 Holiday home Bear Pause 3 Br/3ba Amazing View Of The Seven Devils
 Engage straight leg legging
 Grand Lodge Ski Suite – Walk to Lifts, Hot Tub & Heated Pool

→ **Work instructions**
What you return must match the listing above exactly, with every line included.

→ **Written reply**
 Holiday home Bear Pause 3 Br/3ba Amazing View Of The Seven Devils
 Engage straight leg legging
 Grand Lodge Ski Suite – Walk to Lifts, Hot Tub & Heated Pool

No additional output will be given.